The more advanced medical technology becomes the more we realize how wise Mother Nature is. As highly educated and extremely dedicated food researchers continue their attempt to discover NEW secrets, we sometime realize looking BACK is the wisest thing to do.
It seems many of today’s breakthroughs in modern medicine are simply a discovery of what Mother Nature has been trying to tell us all along. The secret to enjoying a healthy and active lifestyle isn’t in some magical pill, but in listening to our body and making wise decisions about what we put into it.
One area that affects millions of people every year is joint pain caused by arthritis and gout. According to the Center for Disease Control (CDC) approximately 52.5 million Americans suffer from joint pain. The number of people affected by this painful disease is expected to increase annually as the general population ages.
With so many people suffering on an annual basis, no wonder countless dollars are spent in the search to relieve those that are suffering. However, a simple, tiny red fruit has caught the attention of both pain sufferers and food researchers.
Brief History of the Cherry
The sour cherry, technically called Prunus Cerasus, has a long history of satisfying the palette and easing pain of countless individuals. It is believed the mighty Roman general Lucius Licinius was responsible for introducing the sour cherry to the Roman world.
The general was always on the lookout for unique plants to bring back to Rome from his military conquests. According to history, the general first become aware of the sour cherry while on a campaign along the Black Sea in Asia Minor. Upon winning a decisive battle against Mithridates VI, the king of Pontus, the general returned to Rome and with his spoils of war he carried the sour cherry. Once back in Rome, legionnaires, messengers and everyday citizens helped to spread this ruby red fruit across the entire Roman Empire.
Cherry trees were soon planted along Roman roads. The wood from the trees was used to produce weapons, repair equipment and as firewood. The legionnaires enjoyed the fruit during long journeys to defend and expand the Empire.
As the world expanded west, the cherry tagged along. The cherry finally made its way to the New World with the early settlers. It was during the early centuries from its travels from Asia Minor to North America that the folklore of its pain fighting ability grew. Stories were passed from generation to generation, from father to son, from grandmother to granddaughter.
The First Published Study on the Cherry
It wasn’t until the 1950’s that that first research was published on the health benefits of the cherry. Dr. Ludwig Blau first discovered how well the cherry worked in fighting gout pain. Due to an extremely painful gout attack, the doctor was confined to a wheelchair for several days. It was during this time a friend told him about gout and cherries.

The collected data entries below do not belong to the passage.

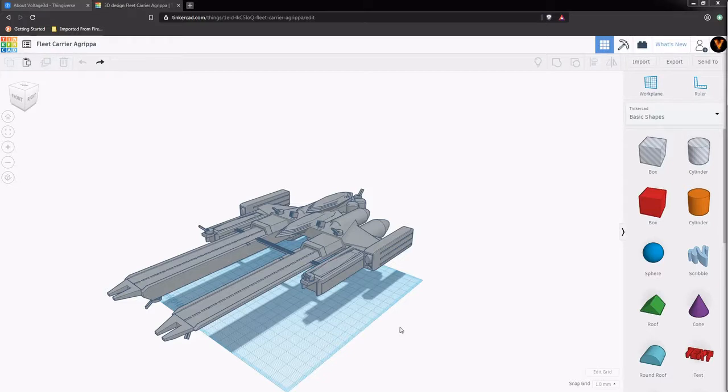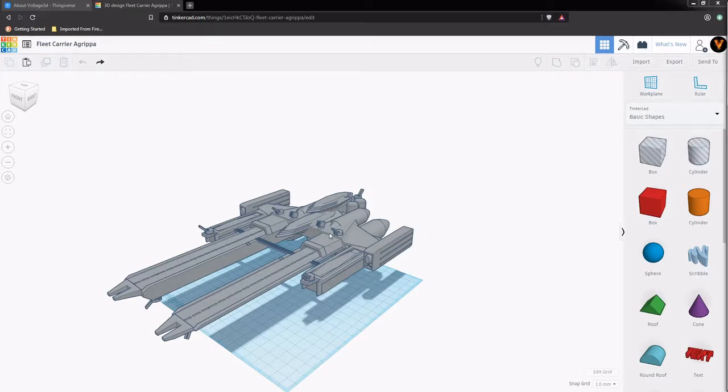This is the fleet carrier Grippa. Some design aspects here. We have two runways, two control towers - one controlling the ship and the armaments, the other one controlling air traffic and troop deployment.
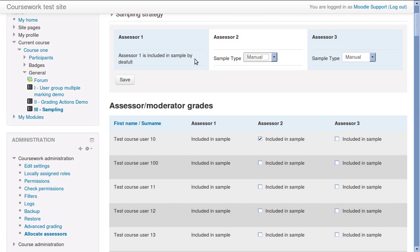Assessor 1 is included in the sample by default. In our example, Course Leader has chosen an automatic sampling strategy.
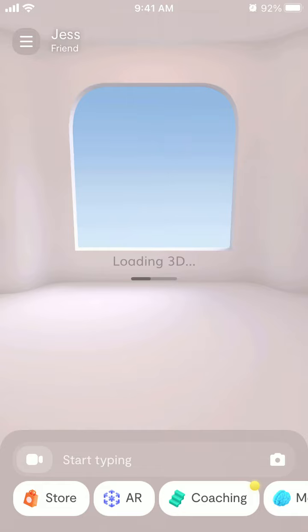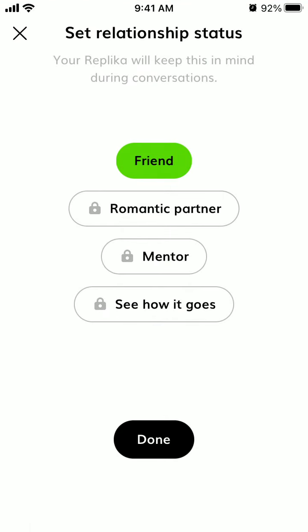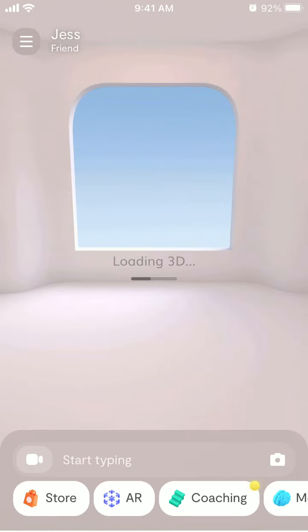I actually read on Reddit that sometimes Replika can change relationship status on its own — it can become a Romantic Partner by itself — but I'm not sure if it works exactly like that. If you've experienced that, please leave it in the comments.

Dr. Blau was so excited about the positive results he personally experienced that he decided to conduct research on the gout-fighting ability of the fruit. He soon recruited 12 gout sufferers to take part in a gout study. The participants drank a glass of cherry juice or ate one-half pound of cherries each day during the study.
The results of the study revealed uric acid levels lowered down to pre-gout levels. In addition, the individuals also stated they experienced less pain in their joints and no additional gout attacks. While black cherry was used during those studies conducted by Dr. Blau, the sweet yellow and sour cherries were effective, too.
Joint Pain and Cherries
Fast forward fifty years to the early 2000’s and you’ll discover similar groundbreaking research published on the pain relieving properties of the tart cherry. Fortunately, with modern research equipment, food researchers can more effectively figure out the secret of why specific foods help with specific conditions. According to published research, the tart cherry contains naturally occurring compounds called anthocyanins plus 17 other power antioxidants. The anthocyanins alone are shown to offer 10 times the pain relief of aspirin or ibuprofen. This tiny red super fruit is packed full of pain relieving benefits.
Researchers at the Philadelphia VA Medical Center conducted a study on 53 patients with osteoarthritis. The participants were asked to drink two 8-ounce bottles of tart cherry juice daily for a six week period. The published results in Arthritis & Rheumatism Magazine indicated those patients reported significant improvement in physical function and reduction of pain and stiffness.